As pessoas grandes gostam de números. Quando vocês lhes falam de um amigo novo, as suas perguntas nunca vão ao essencial. Nunca vos perguntam: “Como é a voz dele? De que brincadeiras é que ele gosta mais? Ele faz colecção de borboletas?” Mas: “Que idade é que ele tem? Quantos imãos tem? Quanto é que ele pesa? Quanto ganha o pai dele? Só assim é que pensam ficar a conhecê-lo. Se vocês disserem às pessoas grandes: “Hoje vi uma casa muito bonita de tijolos cor-de-rosa, com gerânios nas janelas e pombas no telhado…”, as pessoas grandes não a conseguem imaginar. É preciso dizer-lhes: “Hoje vi uma casa que custa vinte mil contos.” Então, já são capazes de exclamar: “Mas que linda casa!”
Assim, se lhes disserem: “A prova de que o principezinho existiu é que ele era encantador, é que ele ria e queria uma ovelha. Querer uma ovelha é a prova de que existe”, as pessoas grandes encolhem os ombros e chamam-vos crianças! Mas se lhes disserem: “O planeta donde ele vinha era o asteroide B 612”, as pessoas grandes ficam logo convencidas e não se põem a fazer perguntas. As pessoas grandes são assim. Não vale a pena zangarmo-nos com elas. As crianças têm de ser muito indulgentes para as pessoas grandes.
O principezinho, Saint-Exupéry.
Efectivamente, temo pelo presente e futuro das crianças e jovens do nosso país. Temo pelos alunos que, mesmo frequentando a escola, e cada vez mais tempo, continuam a revelar grandes dificuldades, nomeadamente, na sua língua materna… Crianças e jovens que não sabem ouvir nem expressar-se…
Provavelmente, deveria estar optimista pois, mesmo sabendo que os nossos alunos sabem cada vez menos Português, mesmo não sabendo apreciar “uma casa muito bonita de tijolos cor-de-rosa, com gerânios nas janelas e pombas no telhado…”, temos alunos que poderão estar a ser preparados para saber reconhecer o verdadeiro valor das coisas materiais.
Como mãe, e uma vez que a escola parece não estar a conseguir cumprir o seu papel, ensinando os alunos, preocupa-me saber que o tempo escolar dos nossos alunos está a ser passado em tantas educações para…
“A Educação Rodoviária”, “A Educação para o Desenvolvimento”, “A Educação para a Igualdade de Género”, “A Educação para os Direitos Humanos”, “A Educação Financeira”, “A Educação para a Segurança e Defesa Nacional”, “A promoção do Voluntariado”, “A Educação Ambiental/Desenvolvimento Sustentável”, “A Dimensão Europeia da Educação”, “A Educação para os Media”, “A Educação para a Saúde e a Sexualidade”, “A Educação para o Empreendedorismo” e a “Educação do Consumidor”.
A acção educativa não se esgota, ou não se deveria esgotar, na Escola.
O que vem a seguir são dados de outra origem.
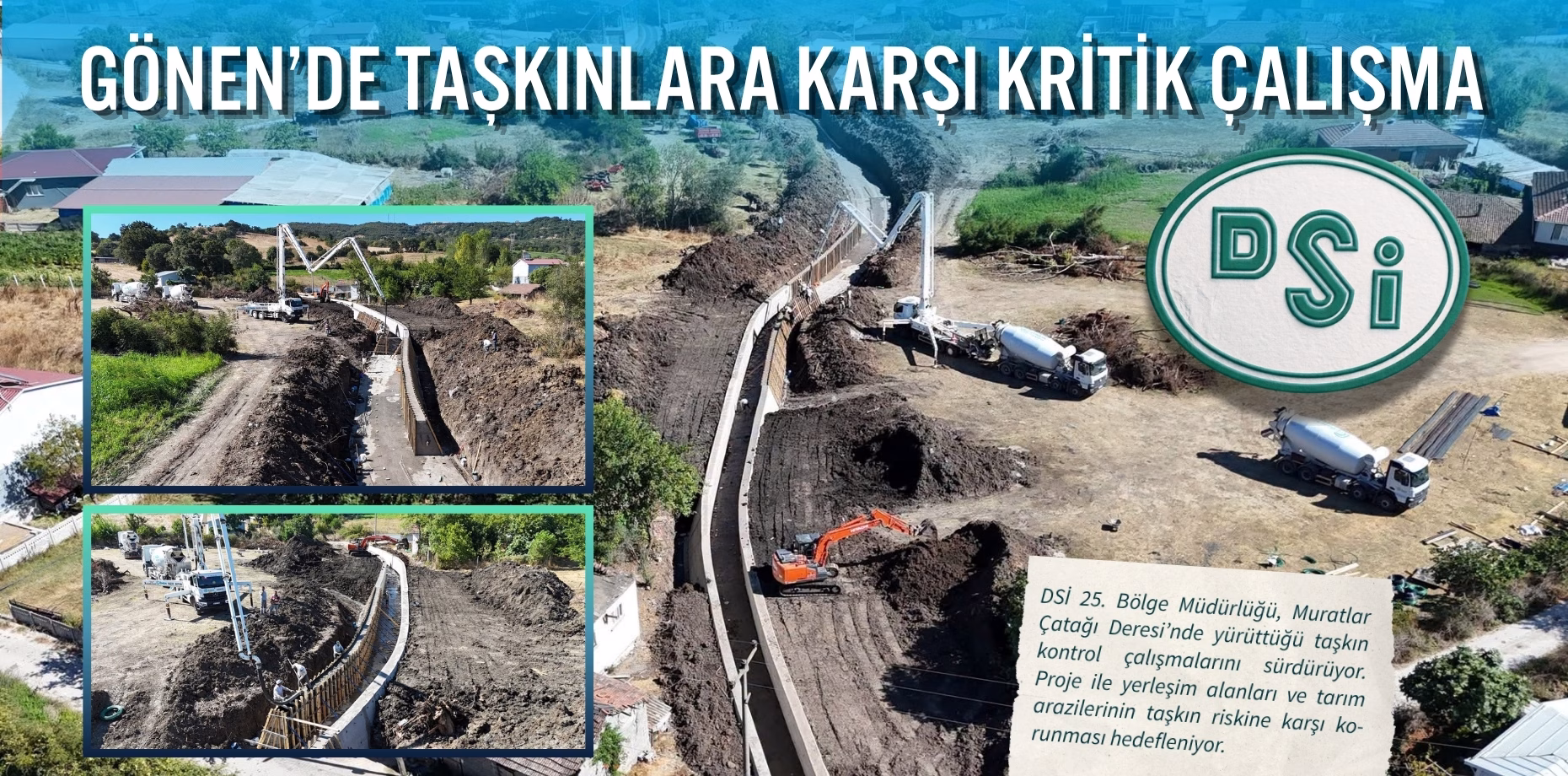dsi gönen (1)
Como mãe, espero que a Escola ensine ao meu filho o que é especificamente escolar. A escola deve existir para ensinar a todos o que é essencial, estruturante e obrigatório. Quanto ao resto, isso deve ser opcional, deve responder a necessidades específicas de diferentes crianças, pois não podemos acreditar, por muito tentador que seja, que a Escola consegue resolver tudo e colmatar todos os problemas. Como mãe, espero mesmo que a Escola não procure resolver “tudo” com o meu filho, pois valorizo outros espaços de educação, que considero respostas para o seu desenvolvimento saudável e harmonioso.
Ana Lúcia Neves
Parece que os pais não estão a conseguir cumprir o seu papel...
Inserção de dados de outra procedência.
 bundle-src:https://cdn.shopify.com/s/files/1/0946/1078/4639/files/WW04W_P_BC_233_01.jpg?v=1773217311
Os pais podem estar - nem todos - a não conseguir cumprir o seu papel. Ninguém é perfeito. E julgo que foi Freud que afirmou que, em educação, façamos como fizermos faremos sempre mal. Mas não podemos deixar que a escola pretenda substituir-se aos pais. São papeis diferentes e necessários. Não reversíveis.
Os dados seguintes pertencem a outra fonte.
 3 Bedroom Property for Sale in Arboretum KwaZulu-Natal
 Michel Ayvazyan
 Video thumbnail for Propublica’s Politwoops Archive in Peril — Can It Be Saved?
Bem há cerca de 5 anos que saí de Portugal, mas continuo a seguir as notícias com muito interesse especialmente no que diz respeito à Educação e Ciência. E visto de fora o panorma parece estar cada vez pior.
A única coisa que não entendi e como tal tenho que perguntar: esses doutos senhores que conseguem impingir esses programas a que dão o nome de educacionais recebem algum tipo de subsídio/remuneração para espalharem as suas doutrinas ou há uma alguma réstia de juízo em quem (des)governa Portugal e fazem-no com os seus encargos?